Log on to the OSS console.
In the left-side navigation pane, click Buckets. On the Buckets page, click Create Bucket.
In the Create Bucket dialog box, configure the following parameters, then click Create. For more information about the parameters, see Create a bucket in the console.
Parameter Value Bucket Name Enter a custom name Region China (Shanghai) HDFS Service Enable the HDFS service as prompted on the UI On the Buckets page, click the bucket name to go to the Files page.
Set up the DataWorks environment
After the EMR Serverless Spark workspace and OSS bucket are ready, create a DataWorks workspace, register the Spark cluster, and configure data sources.
In DataWorks, an EMR Serverless Spark workspace is registered as a cluster.
Create a DataWorks workspace
Log on to the DataWorks console.
In the left-side navigation pane, click Workspace Management to open the workspace list page.
Click Create Workspace. In the panel that appears, create a workspace in Standard Mode and enable Isolates The Development And Production Environments.

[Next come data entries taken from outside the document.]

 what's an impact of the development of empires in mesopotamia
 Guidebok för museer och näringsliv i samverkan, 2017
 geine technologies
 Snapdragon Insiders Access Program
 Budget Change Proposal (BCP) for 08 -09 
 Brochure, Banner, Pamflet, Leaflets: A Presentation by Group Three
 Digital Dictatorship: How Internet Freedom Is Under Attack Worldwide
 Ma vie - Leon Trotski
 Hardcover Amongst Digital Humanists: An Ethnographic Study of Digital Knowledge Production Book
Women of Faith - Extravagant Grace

The data resources in this tutorial are in the China (Shanghai) region. Create the workspace in China (Shanghai) to avoid network connectivity issues when adding data sources from other regions. For a simpler setup, select No for the Isolate Development And Production Environments parameter.
Create a resource group
A resource group provides the compute resources for data synchronization and scheduling. Make sure the network connection between the resource group and the EMR Serverless Spark workspace is stable.
Purchase a serverless resource group
Log on to the DataWorks console. Switch to the target region. In the left-side navigation pane, click Resource Group to open the resource group list page.

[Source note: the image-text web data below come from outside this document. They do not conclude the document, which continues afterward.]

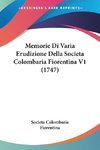 Memorie Di Varia Erudizione Della Societa Colombaria Fiorentina V1 (1747)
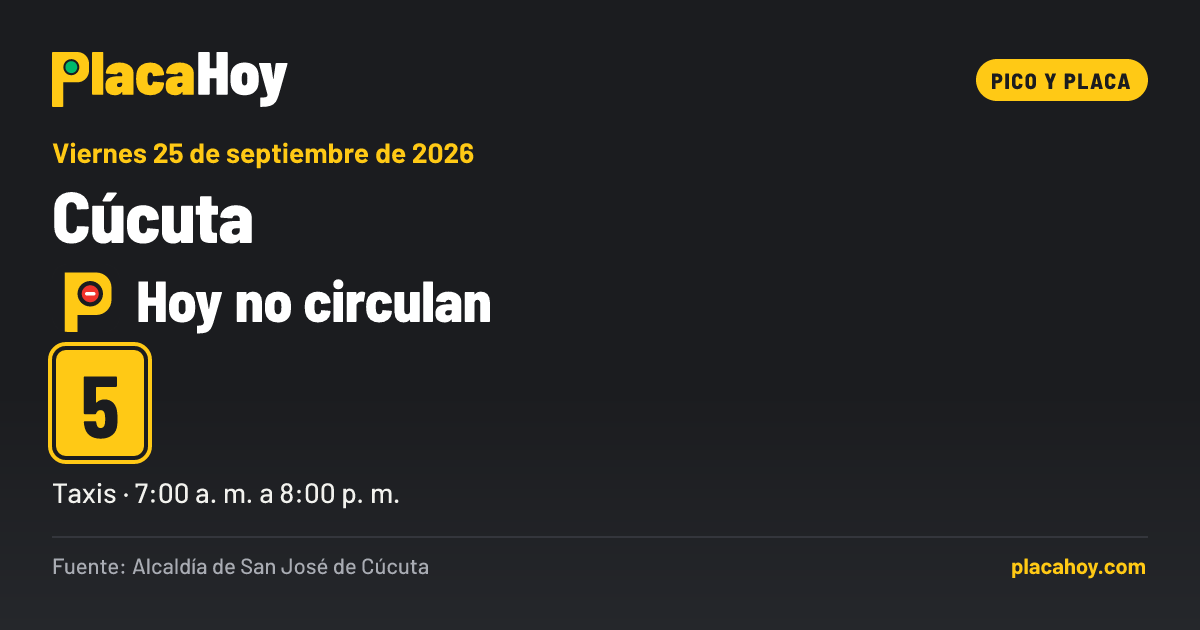 Hoy no circulan · 5 · pico y placa · Cúcuta · Viernes 25 de septiembre de 2026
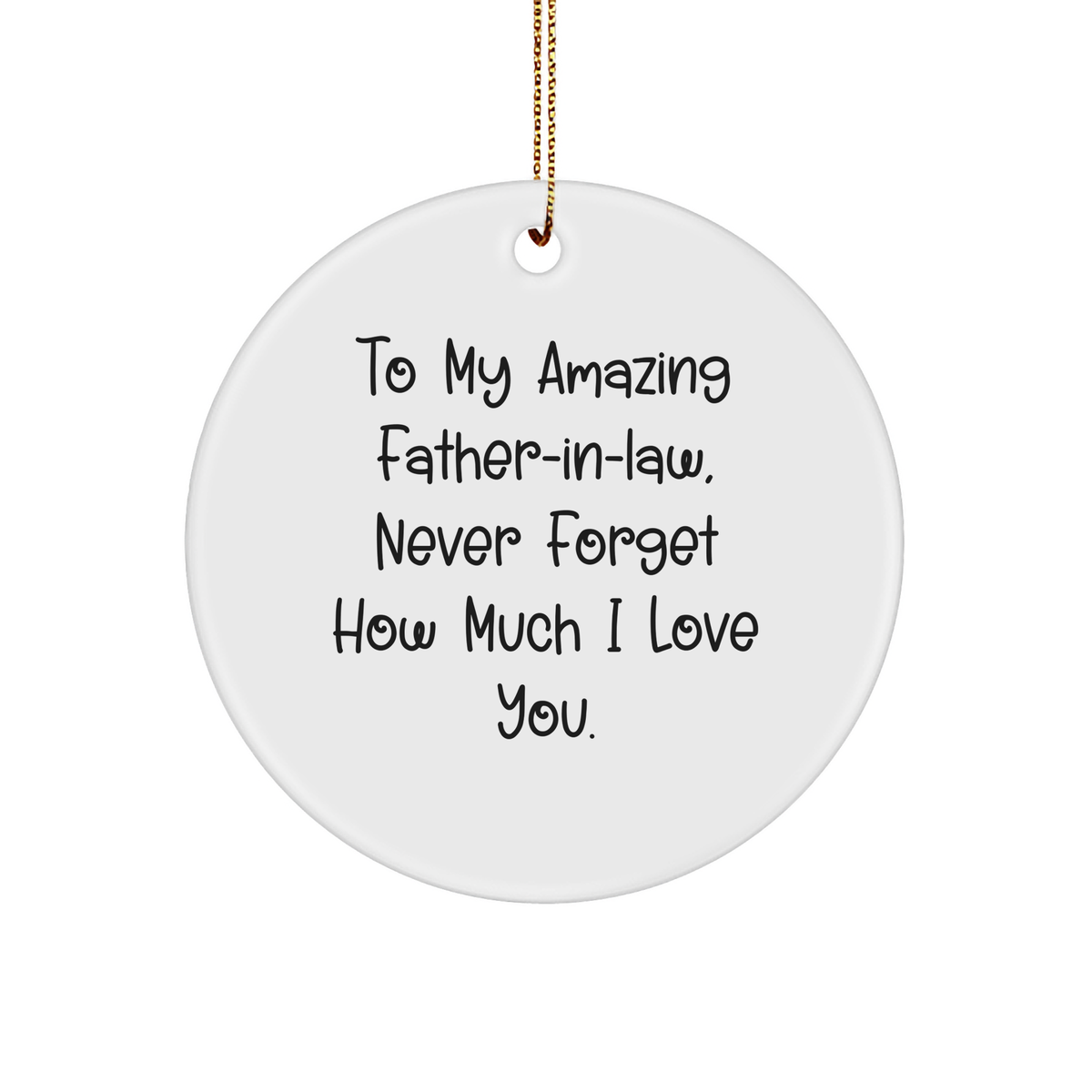 Inspirational Father-in-law Circle Ornament Gifts from Men to Father-in-law for Christmas - 'To My Amazing Father-in-law, Never Forget How Much I Love You.' - Image 1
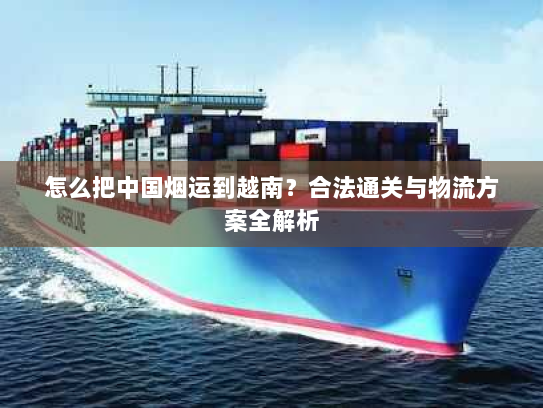 怎么把中国烟运到越南？合法通关与物流方案全解析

Click Create Resource Group. On the purchase page, set Region And Zone to China (Shanghai) and specify a Resource Group Name. Configure the remaining parameters and complete the payment as prompted. For billing details, see Billing of serverless resource groups.
This tutorial uses a serverless resource group in the China (Shanghai) region. Serverless resource groups do not support cross-region operations.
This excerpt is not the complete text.